- **Work order**: Give the records back in full, exactly as they read.

- **Input material**:
________________
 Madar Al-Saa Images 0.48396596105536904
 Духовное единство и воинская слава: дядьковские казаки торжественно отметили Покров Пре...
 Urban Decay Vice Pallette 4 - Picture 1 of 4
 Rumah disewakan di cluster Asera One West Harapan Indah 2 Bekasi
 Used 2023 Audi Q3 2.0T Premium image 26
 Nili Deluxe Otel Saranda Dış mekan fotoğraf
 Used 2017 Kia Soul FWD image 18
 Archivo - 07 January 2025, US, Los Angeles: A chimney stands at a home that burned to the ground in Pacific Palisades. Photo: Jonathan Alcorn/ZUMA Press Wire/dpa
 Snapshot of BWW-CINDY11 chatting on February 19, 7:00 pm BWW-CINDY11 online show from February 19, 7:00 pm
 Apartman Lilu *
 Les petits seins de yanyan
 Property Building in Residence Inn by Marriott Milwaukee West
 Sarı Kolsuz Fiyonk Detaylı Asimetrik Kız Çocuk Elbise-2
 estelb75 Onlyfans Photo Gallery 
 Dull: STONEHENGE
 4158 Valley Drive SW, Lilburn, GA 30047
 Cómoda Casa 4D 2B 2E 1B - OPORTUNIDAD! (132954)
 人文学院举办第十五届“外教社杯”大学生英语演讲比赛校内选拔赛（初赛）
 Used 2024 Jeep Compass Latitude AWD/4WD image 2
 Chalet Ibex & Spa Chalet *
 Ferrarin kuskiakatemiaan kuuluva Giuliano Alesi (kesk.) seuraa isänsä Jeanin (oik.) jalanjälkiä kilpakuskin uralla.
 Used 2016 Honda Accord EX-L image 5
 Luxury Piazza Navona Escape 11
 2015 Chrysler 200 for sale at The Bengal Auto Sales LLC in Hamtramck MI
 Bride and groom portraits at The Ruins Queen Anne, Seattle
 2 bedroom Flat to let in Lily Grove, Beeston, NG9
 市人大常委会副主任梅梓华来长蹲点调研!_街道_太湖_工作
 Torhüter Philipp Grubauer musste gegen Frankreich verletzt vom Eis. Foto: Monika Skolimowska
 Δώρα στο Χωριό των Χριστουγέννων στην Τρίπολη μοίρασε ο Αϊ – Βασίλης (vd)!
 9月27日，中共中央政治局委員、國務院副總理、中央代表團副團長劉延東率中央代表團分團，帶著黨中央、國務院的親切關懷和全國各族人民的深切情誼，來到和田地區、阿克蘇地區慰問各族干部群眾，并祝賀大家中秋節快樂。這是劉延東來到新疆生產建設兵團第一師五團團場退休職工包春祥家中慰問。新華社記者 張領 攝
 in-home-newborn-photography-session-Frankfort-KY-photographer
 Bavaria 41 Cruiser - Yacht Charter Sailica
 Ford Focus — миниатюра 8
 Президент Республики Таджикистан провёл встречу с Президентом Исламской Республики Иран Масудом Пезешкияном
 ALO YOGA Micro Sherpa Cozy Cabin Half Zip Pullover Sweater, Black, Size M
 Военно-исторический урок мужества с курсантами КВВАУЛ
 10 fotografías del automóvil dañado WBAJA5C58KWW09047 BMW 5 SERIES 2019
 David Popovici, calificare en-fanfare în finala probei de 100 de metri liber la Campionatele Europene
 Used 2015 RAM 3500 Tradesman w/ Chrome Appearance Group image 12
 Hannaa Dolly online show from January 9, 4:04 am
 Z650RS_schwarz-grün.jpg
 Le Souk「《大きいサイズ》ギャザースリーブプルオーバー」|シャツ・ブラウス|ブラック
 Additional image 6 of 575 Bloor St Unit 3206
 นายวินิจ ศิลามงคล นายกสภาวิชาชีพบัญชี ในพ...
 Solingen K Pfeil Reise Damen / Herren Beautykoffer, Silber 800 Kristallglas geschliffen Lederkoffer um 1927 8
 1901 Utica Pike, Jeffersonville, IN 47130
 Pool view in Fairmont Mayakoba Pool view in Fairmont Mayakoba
________________
- **Written answer**:
 Madar Al-Saa Images 0.48396596105536904
 Духовное единство и воинская слава: дядьковские казаки торжественно отметили Покров Пре...
 Urban Decay Vice Pallette 4 - Picture 1 of 4
 Rumah disewakan di cluster Asera One West Harapan Indah 2 Bekasi
 Used 2023 Audi Q3 2.0T Premium image 26
 Nili Deluxe Otel Saranda Dış mekan fotoğraf
 Used 2017 Kia Soul FWD image 18
 Archivo - 07 January 2025, US, Los Angeles: A chimney stands at a home that burned to the ground in Pacific Palisades. Photo: Jonathan Alcorn/ZUMA Press Wire/dpa
 Snapshot of BWW-CINDY11 chatting on February 19, 7:00 pm BWW-CINDY11 online show from February 19, 7:00 pm
 Apartman Lilu *
 Les petits seins de yanyan
 Property Building in Residence Inn by Marriott Milwaukee West
 Sarı Kolsuz Fiyonk Detaylı Asimetrik Kız Çocuk Elbise-2
 estelb75 Onlyfans Photo Gallery 
 Dull: STONEHENGE
 4158 Valley Drive SW, Lilburn, GA 30047
 Cómoda Casa 4D 2B 2E 1B - OPORTUNIDAD! (132954)
 人文学院举办第十五届“外教社杯”大学生英语演讲比赛校内选拔赛（初赛）
 Used 2024 Jeep Compass Latitude AWD/4WD image 2
 Chalet Ibex & Spa Chalet *
 Ferrarin kuskiakatemiaan kuuluva Giuliano Alesi (kesk.) seuraa isänsä Jeanin (oik.) jalanjälkiä kilpakuskin uralla.
 Used 2016 Honda Accord EX-L image 5
 Luxury Piazza Navona Escape 11
 2015 Chrysler 200 for sale at The Bengal Auto Sales LLC in Hamtramck MI
 Bride and groom portraits at The Ruins Queen Anne, Seattle
 2 bedroom Flat to let in Lily Grove, Beeston, NG9
 市人大常委会副主任梅梓华来长蹲点调研!_街道_太湖_工作
 Torhüter Philipp Grubauer musste gegen Frankreich verletzt vom Eis. Foto: Monika Skolimowska
 Δώρα στο Χωριό των Χριστουγέννων στην Τρίπολη μοίρασε ο Αϊ – Βασίλης (vd)!
 9月27日，中共中央政治局委員、國務院副總理、中央代表團副團長劉延東率中央代表團分團，帶著黨中央、國務院的親切關懷和全國各族人民的深切情誼，來到和田地區、阿克蘇地區慰問各族干部群眾，并祝賀大家中秋節快樂。這是劉延東來到新疆生產建設兵團第一師五團團場退休職工包春祥家中慰問。新華社記者 張領 攝
 in-home-newborn-photography-session-Frankfort-KY-photographer
 Bavaria 41 Cruiser - Yacht Charter Sailica
 Ford Focus — миниатюра 8
 Президент Республики Таджикистан провёл встречу с Президентом Исламской Республики Иран Масудом Пезешкияном
 ALO YOGA Micro Sherpa Cozy Cabin Half Zip Pullover Sweater, Black, Size M
 Военно-исторический урок мужества с курсантами КВВАУЛ
 10 fotografías del automóvil dañado WBAJA5C58KWW09047 BMW 5 SERIES 2019
 David Popovici, calificare en-fanfare în finala probei de 100 de metri liber la Campionatele Europene
 Used 2015 RAM 3500 Tradesman w/ Chrome Appearance Group image 12
 Hannaa Dolly online show from January 9, 4:04 am
 Z650RS_schwarz-grün.jpg
 Le Souk「《大きいサイズ》ギャザースリーブプルオーバー」|シャツ・ブラウス|ブラック
 Additional image 6 of 575 Bloor St Unit 3206
 นายวินิจ ศิลามงคล นายกสภาวิชาชีพบัญชี ในพ...
 Solingen K Pfeil Reise Damen / Herren Beautykoffer, Silber 800 Kristallglas geschliffen Lederkoffer um 1927 8
 1901 Utica Pike, Jeffersonville, IN 47130
 Pool view in Fairmont Mayakoba Pool view in Fairmont Mayakoba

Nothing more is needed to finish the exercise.